| YOUR GOAL |
Go through the records and set each one down exactly, skipping any picture.

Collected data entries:
..........

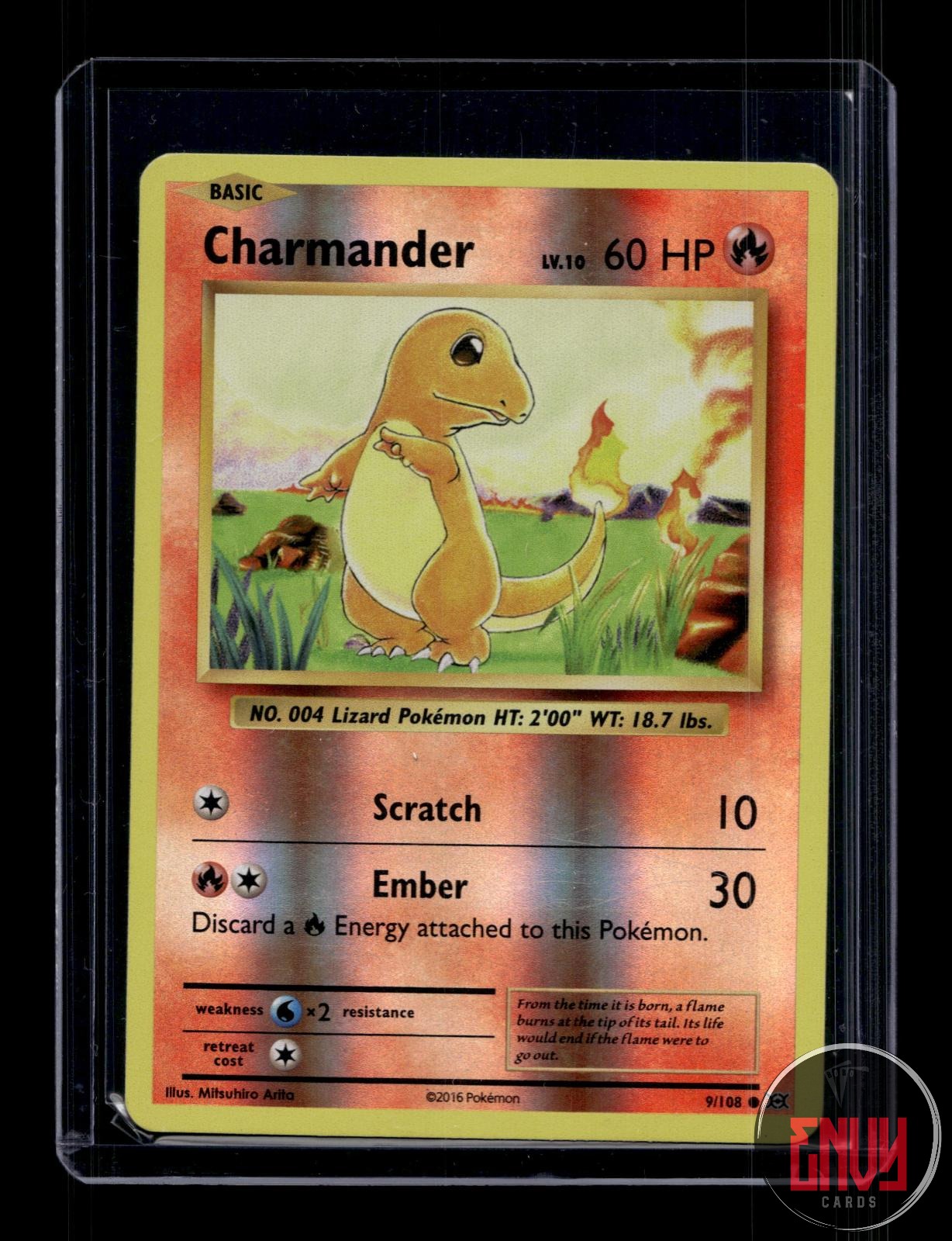 Charmander Lightly Played 9/108 Common Evolutions Pokemon Reverse Holo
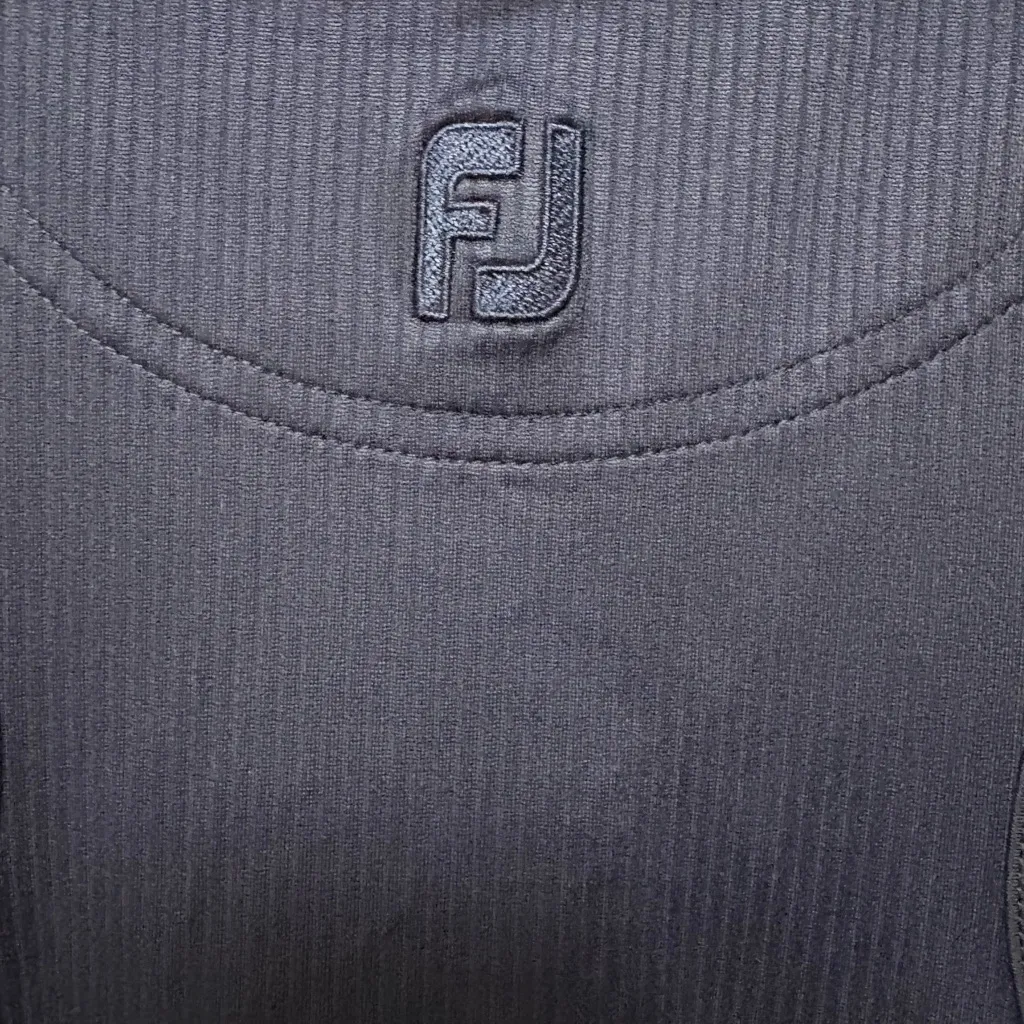 FootJoy Navy Sleeveless Golf Polo‎ Shirt Size Medium - Image 8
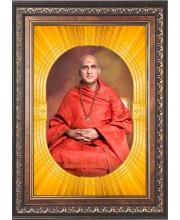  Swami Avdheshanand Giri Photo Frame | 5X7 Inch Black Designer Wall & Table Frame | Perfect for Gifting & Home Decor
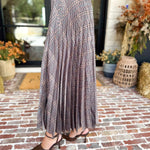 Current Air - Kensington Plaid Pleated Midi Skirt-410 Shorts/Skirts-CURRENT AIR CLOTHING-July & June Women's Fashion Boutique Located in San Antonio, Texas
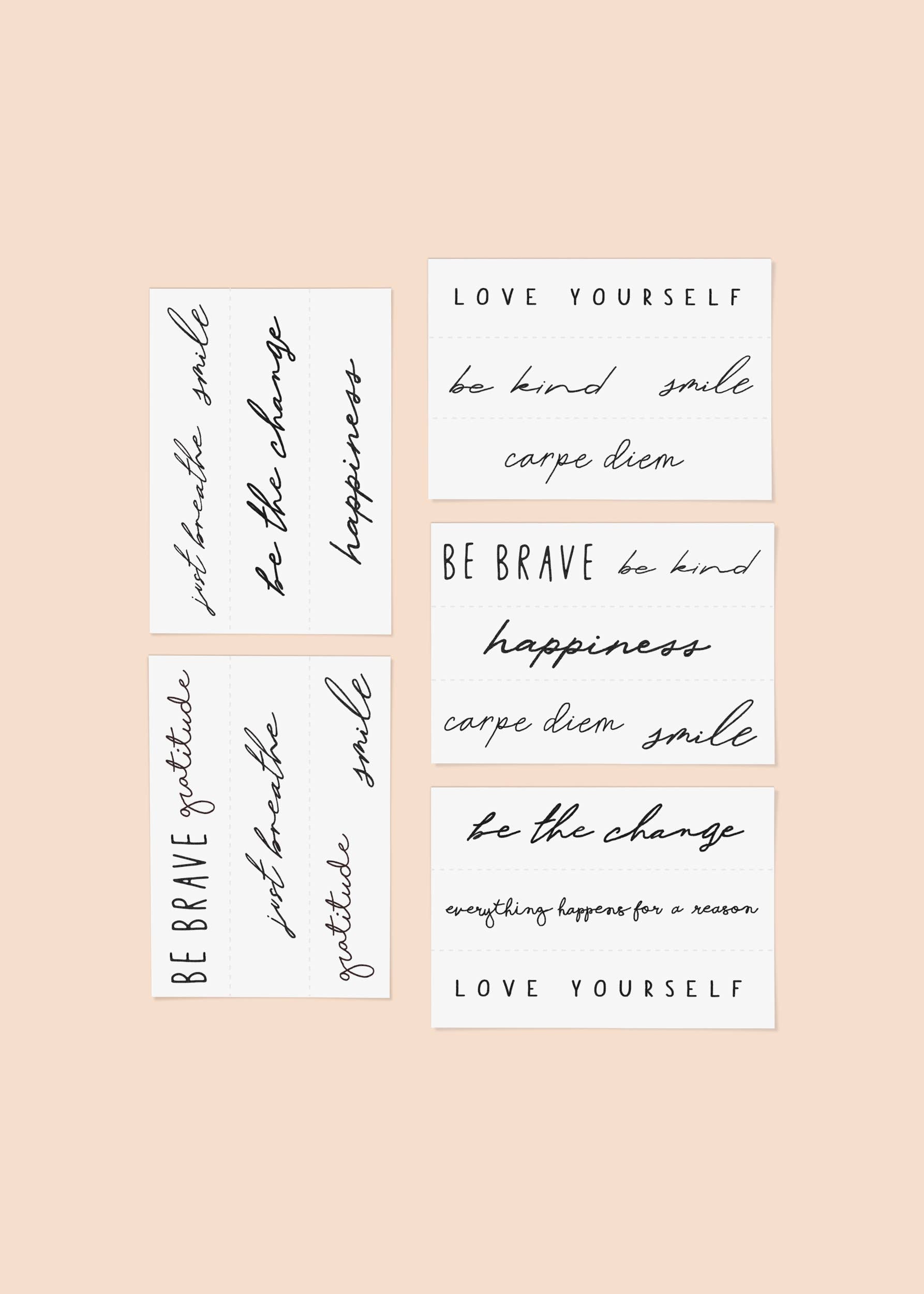 INKED by Dani - Self Love Temporary Tattoo Pack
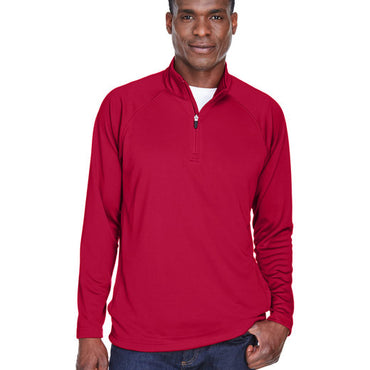 DG440 Devon & Jones Men's Stretch Tech-Shell® Compass Quarter-Zip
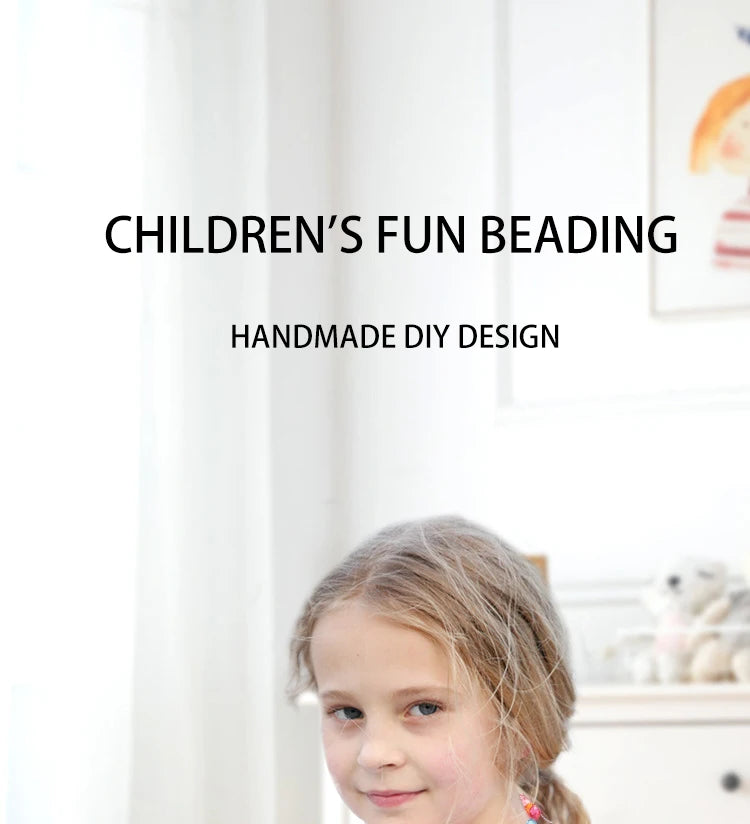 DIY Beaded Jewelry Set – 24 Grid Spacer Beads Kit for Girls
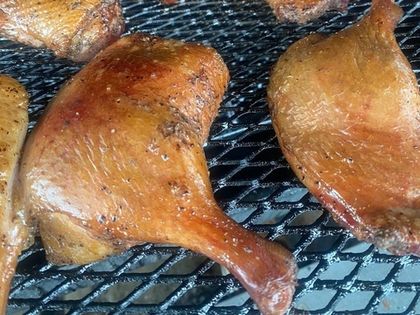 Утиные ножки в смокере!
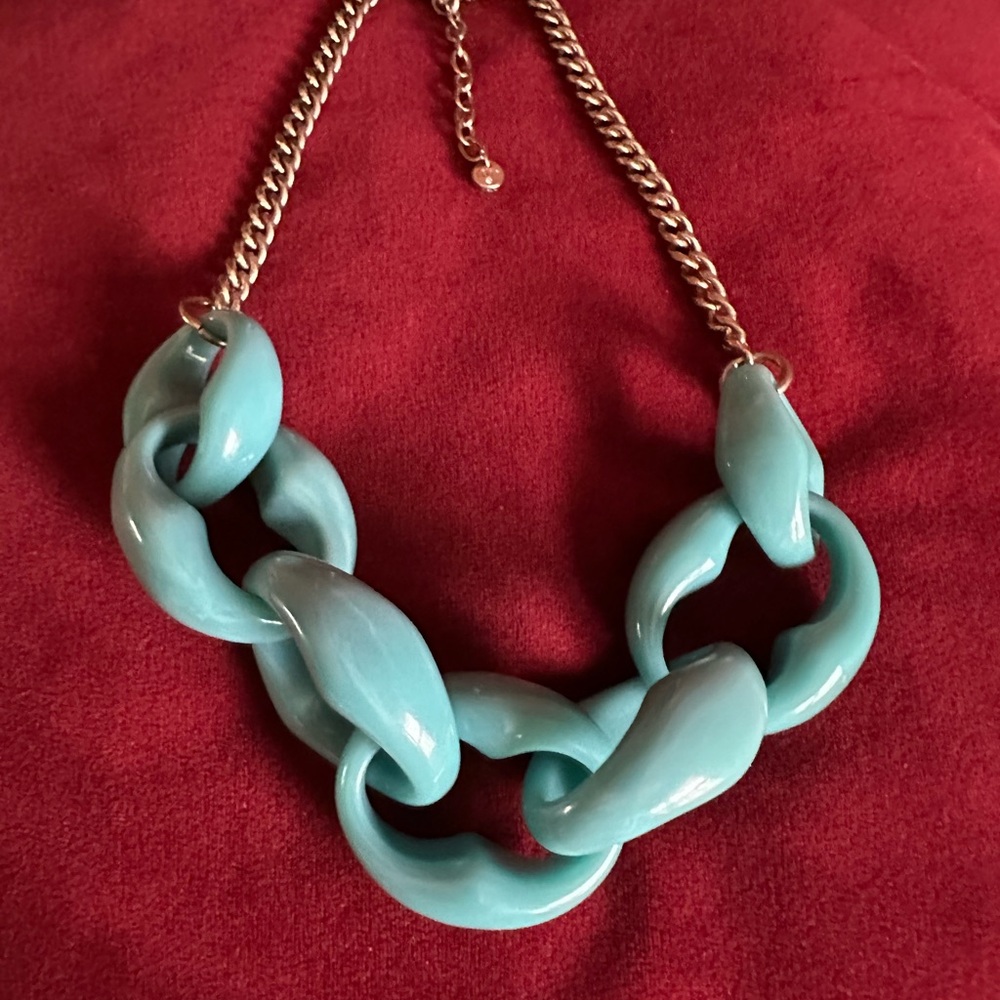 Vintage Loft Turquoise Chunky Link Necklace - Women Jewelry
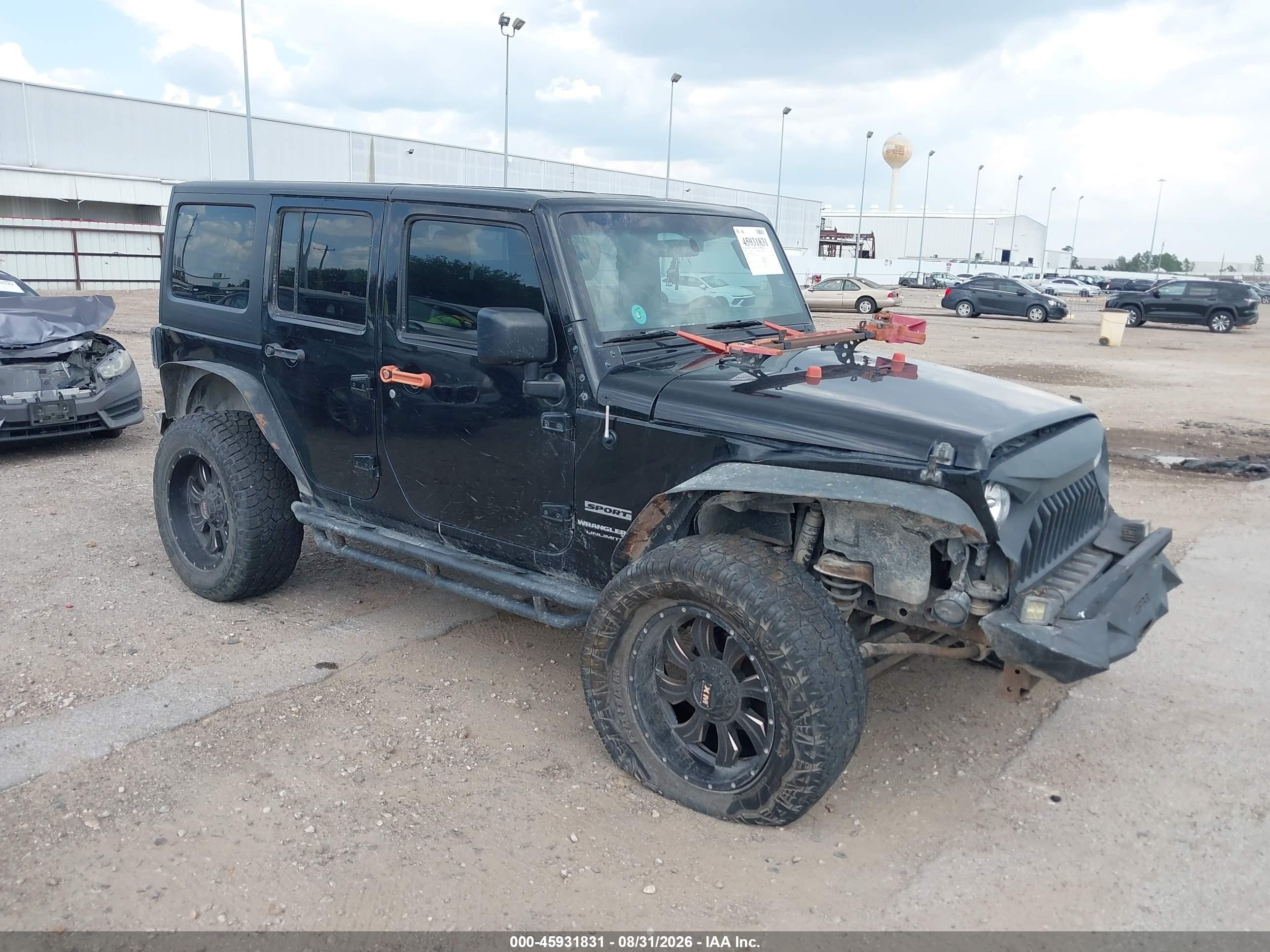 2018 Jeep Wrangler Unlimited VIN 1C4BJWDG4JL813048 — IAAI salvage auction photo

..........

| RESPONSE TO THE TASK |
 Charmander Lightly Played 9/108 Common Evolutions Pokemon Reverse Holo
 FootJoy Navy Sleeveless Golf Polo‎ Shirt Size Medium - Image 8
  Swami Avdheshanand Giri Photo Frame | 5X7 Inch Black Designer Wall & Table Frame | Perfect for Gifting & Home Decor
 Current Air - Kensington Plaid Pleated Midi Skirt-410 Shorts/Skirts-CURRENT AIR CLOTHING-July & June Women's Fashion Boutique Located in San Antonio, Texas
 INKED by Dani - Self Love Temporary Tattoo Pack
 DG440 Devon & Jones Men's Stretch Tech-Shell® Compass Quarter-Zip
 DIY Beaded Jewelry Set – 24 Grid Spacer Beads Kit for Girls
 Утиные ножки в смокере!
 Vintage Loft Turquoise Chunky Link Necklace - Women Jewelry
 2018 Jeep Wrangler Unlimited VIN 1C4BJWDG4JL813048 — IAAI salvage auction photo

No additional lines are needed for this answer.